サンフランシスコ条約第十一条の日本役は「日本国は裁判を受諾」とあるが、英文の原本では「日本国は判決(JUDEMENT)を受諾」とある。
このためこれまでの解釈は「下された刑期を受け入れる」意味だとされた。軍事裁判の刑期が残っているのにすぐに放免してはいけません!との趣旨である。
 この軍事裁判は当時は国際法上の茶番劇で左翼陣営といえども受入難いものだった。その証拠に政府は講和条約発行後、各国にA級戦犯を含む全戦犯の赦免・減刑を申請。
衆参両院は昭和二十八年、圧倒的多数で「戦犯赦免に関する決議」を可決した。また同年には戦犯刑死者を戦死者と同じ扱いにする遺族援護法の改正が全会一致で可決。

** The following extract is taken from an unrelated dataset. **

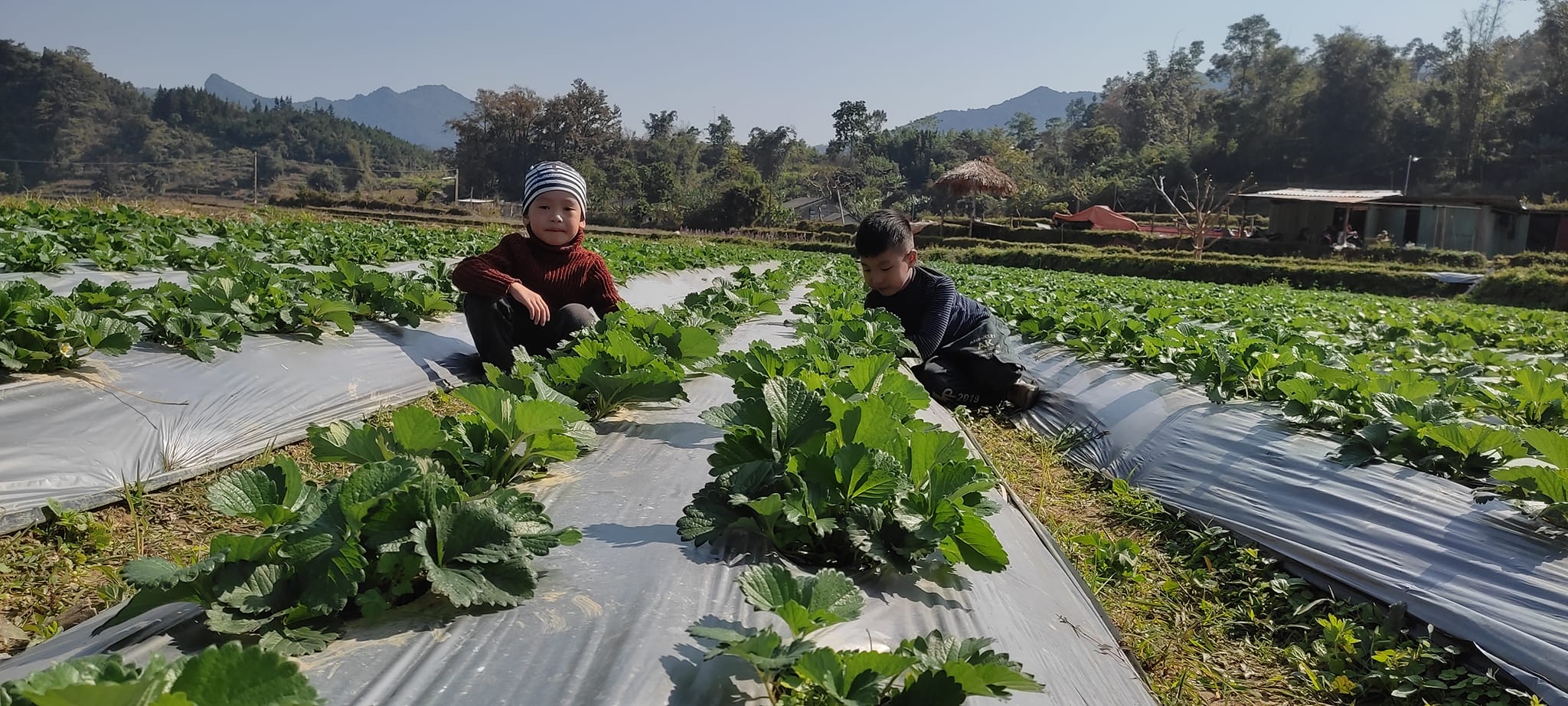 Màng phủ nông nghiệp, đại lý cung cấp màng phủ nông nghiệp trồng dâu tây giá rẻ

二十九年には恩給法も改正された。これで広田弘毅が文民であるのになぜ靖国神社に祀られているのか分かるだろう。
 A級戦犯とされた人たちのうち、重光葵氏は外相、賀屋興宣氏は法相として復帰した。岸信介もA級戦犯として逮捕されたが、後に総理大臣になっている。
この一連の政治の動きを見ると、日本人は与野党とも極東軍事裁判を受け入れていないことがわかるだろう。少なくとも彼らは日本の法律によって裁かれたわけではない。
 従って、森岡正宏氏の「A級戦犯は罪人ではない」との説は正しいのである。